• **TASK GOAL**: Take the listing that follows and copy it precisely.

------------------------------------------------------------

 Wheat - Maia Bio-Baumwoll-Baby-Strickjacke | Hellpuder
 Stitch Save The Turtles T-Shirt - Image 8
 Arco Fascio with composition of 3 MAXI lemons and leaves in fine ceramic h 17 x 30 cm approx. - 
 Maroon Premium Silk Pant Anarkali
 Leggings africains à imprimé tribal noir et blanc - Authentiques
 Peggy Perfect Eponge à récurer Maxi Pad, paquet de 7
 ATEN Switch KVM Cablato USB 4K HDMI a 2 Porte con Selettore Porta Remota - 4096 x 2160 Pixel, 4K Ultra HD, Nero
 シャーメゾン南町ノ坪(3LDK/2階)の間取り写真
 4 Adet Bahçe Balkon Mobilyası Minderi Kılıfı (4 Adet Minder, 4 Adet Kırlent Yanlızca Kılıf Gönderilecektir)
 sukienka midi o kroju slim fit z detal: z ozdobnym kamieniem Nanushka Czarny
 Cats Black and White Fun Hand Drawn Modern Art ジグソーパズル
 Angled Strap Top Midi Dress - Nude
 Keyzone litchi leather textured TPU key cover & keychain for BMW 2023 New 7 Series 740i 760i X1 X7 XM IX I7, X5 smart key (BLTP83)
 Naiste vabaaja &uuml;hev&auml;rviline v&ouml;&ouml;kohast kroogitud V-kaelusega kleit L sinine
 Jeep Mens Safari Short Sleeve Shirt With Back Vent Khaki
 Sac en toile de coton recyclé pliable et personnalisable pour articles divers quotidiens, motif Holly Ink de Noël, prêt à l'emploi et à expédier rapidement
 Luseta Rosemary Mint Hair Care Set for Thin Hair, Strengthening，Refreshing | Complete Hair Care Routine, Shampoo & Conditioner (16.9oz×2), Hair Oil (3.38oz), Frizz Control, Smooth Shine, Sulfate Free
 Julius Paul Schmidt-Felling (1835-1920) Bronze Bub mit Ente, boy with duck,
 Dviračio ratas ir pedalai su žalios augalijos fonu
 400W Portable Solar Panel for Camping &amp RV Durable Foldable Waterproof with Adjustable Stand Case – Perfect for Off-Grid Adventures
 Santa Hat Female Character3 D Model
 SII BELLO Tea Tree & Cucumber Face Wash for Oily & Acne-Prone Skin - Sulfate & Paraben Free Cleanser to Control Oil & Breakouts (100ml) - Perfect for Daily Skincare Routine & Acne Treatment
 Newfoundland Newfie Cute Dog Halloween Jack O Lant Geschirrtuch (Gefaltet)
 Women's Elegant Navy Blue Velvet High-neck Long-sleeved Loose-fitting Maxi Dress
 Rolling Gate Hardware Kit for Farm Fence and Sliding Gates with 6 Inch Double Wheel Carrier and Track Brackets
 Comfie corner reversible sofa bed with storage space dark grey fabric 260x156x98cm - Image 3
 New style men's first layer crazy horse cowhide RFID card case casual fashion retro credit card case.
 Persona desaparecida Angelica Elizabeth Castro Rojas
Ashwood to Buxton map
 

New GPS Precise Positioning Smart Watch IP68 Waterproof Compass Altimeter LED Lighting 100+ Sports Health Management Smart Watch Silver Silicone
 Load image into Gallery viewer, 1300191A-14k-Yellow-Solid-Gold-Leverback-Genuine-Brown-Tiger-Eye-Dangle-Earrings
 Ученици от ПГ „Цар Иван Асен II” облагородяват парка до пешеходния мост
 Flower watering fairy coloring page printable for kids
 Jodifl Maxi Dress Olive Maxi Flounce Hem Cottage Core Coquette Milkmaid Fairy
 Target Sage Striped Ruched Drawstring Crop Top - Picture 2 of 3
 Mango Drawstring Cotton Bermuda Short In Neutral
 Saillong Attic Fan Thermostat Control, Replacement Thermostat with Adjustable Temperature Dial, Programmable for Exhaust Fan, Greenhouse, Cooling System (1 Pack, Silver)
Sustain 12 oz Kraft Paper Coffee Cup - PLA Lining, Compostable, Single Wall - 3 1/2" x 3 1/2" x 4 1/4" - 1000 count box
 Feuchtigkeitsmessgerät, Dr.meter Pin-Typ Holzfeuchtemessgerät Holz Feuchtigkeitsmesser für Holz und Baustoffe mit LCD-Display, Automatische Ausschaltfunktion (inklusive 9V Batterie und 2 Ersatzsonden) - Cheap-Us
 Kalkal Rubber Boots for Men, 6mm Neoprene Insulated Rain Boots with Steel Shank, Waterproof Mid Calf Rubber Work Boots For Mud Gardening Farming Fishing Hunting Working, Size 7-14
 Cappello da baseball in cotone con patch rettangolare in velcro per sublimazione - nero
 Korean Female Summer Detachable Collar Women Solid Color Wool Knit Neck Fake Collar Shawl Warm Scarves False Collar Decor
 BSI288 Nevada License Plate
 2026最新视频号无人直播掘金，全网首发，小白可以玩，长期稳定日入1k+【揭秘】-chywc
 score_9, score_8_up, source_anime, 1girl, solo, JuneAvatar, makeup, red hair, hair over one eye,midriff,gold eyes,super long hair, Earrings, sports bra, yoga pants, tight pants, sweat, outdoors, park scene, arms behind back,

------------------------------------------------------------

• **REPLY**:
 Wheat - Maia Bio-Baumwoll-Baby-Strickjacke | Hellpuder
 Stitch Save The Turtles T-Shirt - Image 8
 Arco Fascio with composition of 3 MAXI lemons and leaves in fine ceramic h 17 x 30 cm approx. - 
 Maroon Premium Silk Pant Anarkali
 Leggings africains à imprimé tribal noir et blanc - Authentiques
 Peggy Perfect Eponge à récurer Maxi Pad, paquet de 7
 ATEN Switch KVM Cablato USB 4K HDMI a 2 Porte con Selettore Porta Remota - 4096 x 2160 Pixel, 4K Ultra HD, Nero
 シャーメゾン南町ノ坪(3LDK/2階)の間取り写真
 4 Adet Bahçe Balkon Mobilyası Minderi Kılıfı (4 Adet Minder, 4 Adet Kırlent Yanlızca Kılıf Gönderilecektir)
 sukienka midi o kroju slim fit z detal: z ozdobnym kamieniem Nanushka Czarny
 Cats Black and White Fun Hand Drawn Modern Art ジグソーパズル
 Angled Strap Top Midi Dress - Nude
 Keyzone litchi leather textured TPU key cover & keychain for BMW 2023 New 7 Series 740i 760i X1 X7 XM IX I7, X5 smart key (BLTP83)
 Naiste vabaaja &uuml;hev&auml;rviline v&ouml;&ouml;kohast kroogitud V-kaelusega kleit L sinine
 Jeep Mens Safari Short Sleeve Shirt With Back Vent Khaki
 Sac en toile de coton recyclé pliable et personnalisable pour articles divers quotidiens, motif Holly Ink de Noël, prêt à l'emploi et à expédier rapidement
 Luseta Rosemary Mint Hair Care Set for Thin Hair, Strengthening，Refreshing | Complete Hair Care Routine, Shampoo & Conditioner (16.9oz×2), Hair Oil (3.38oz), Frizz Control, Smooth Shine, Sulfate Free
 Julius Paul Schmidt-Felling (1835-1920) Bronze Bub mit Ente, boy with duck,
 Dviračio ratas ir pedalai su žalios augalijos fonu
 400W Portable Solar Panel for Camping &amp RV Durable Foldable Waterproof with Adjustable Stand Case – Perfect for Off-Grid Adventures
 Santa Hat Female Character3 D Model
 SII BELLO Tea Tree & Cucumber Face Wash for Oily & Acne-Prone Skin - Sulfate & Paraben Free Cleanser to Control Oil & Breakouts (100ml) - Perfect for Daily Skincare Routine & Acne Treatment
 Newfoundland Newfie Cute Dog Halloween Jack O Lant Geschirrtuch (Gefaltet)
 Women's Elegant Navy Blue Velvet High-neck Long-sleeved Loose-fitting Maxi Dress
 Rolling Gate Hardware Kit for Farm Fence and Sliding Gates with 6 Inch Double Wheel Carrier and Track Brackets
 Comfie corner reversible sofa bed with storage space dark grey fabric 260x156x98cm - Image 3
 New style men's first layer crazy horse cowhide RFID card case casual fashion retro credit card case.
 Persona desaparecida Angelica Elizabeth Castro Rojas
Ashwood to Buxton map
 

New GPS Precise Positioning Smart Watch IP68 Waterproof Compass Altimeter LED Lighting 100+ Sports Health Management Smart Watch Silver Silicone
 Load image into Gallery viewer, 1300191A-14k-Yellow-Solid-Gold-Leverback-Genuine-Brown-Tiger-Eye-Dangle-Earrings
 Ученици от ПГ „Цар Иван Асен II” облагородяват парка до пешеходния мост
 Flower watering fairy coloring page printable for kids
 Jodifl Maxi Dress Olive Maxi Flounce Hem Cottage Core Coquette Milkmaid Fairy
 Target Sage Striped Ruched Drawstring Crop Top - Picture 2 of 3
 Mango Drawstring Cotton Bermuda Short In Neutral
 Saillong Attic Fan Thermostat Control, Replacement Thermostat with Adjustable Temperature Dial, Programmable for Exhaust Fan, Greenhouse, Cooling System (1 Pack, Silver)
Sustain 12 oz Kraft Paper Coffee Cup - PLA Lining, Compostable, Single Wall - 3 1/2" x 3 1/2" x 4 1/4" - 1000 count box
 Feuchtigkeitsmessgerät, Dr.meter Pin-Typ Holzfeuchtemessgerät Holz Feuchtigkeitsmesser für Holz und Baustoffe mit LCD-Display, Automatische Ausschaltfunktion (inklusive 9V Batterie und 2 Ersatzsonden) - Cheap-Us
 Kalkal Rubber Boots for Men, 6mm Neoprene Insulated Rain Boots with Steel Shank, Waterproof Mid Calf Rubber Work Boots For Mud Gardening Farming Fishing Hunting Working, Size 7-14
 Cappello da baseball in cotone con patch rettangolare in velcro per sublimazione - nero
 Korean Female Summer Detachable Collar Women Solid Color Wool Knit Neck Fake Collar Shawl Warm Scarves False Collar Decor
 BSI288 Nevada License Plate
 2026最新视频号无人直播掘金，全网首发，小白可以玩，长期稳定日入1k+【揭秘】-chywc
 score_9, score_8_up, source_anime, 1girl, solo, JuneAvatar, makeup, red hair, hair over one eye,midriff,gold eyes,super long hair, Earrings, sports bra, yoga pants, tight pants, sweat, outdoors, park scene, arms behind back,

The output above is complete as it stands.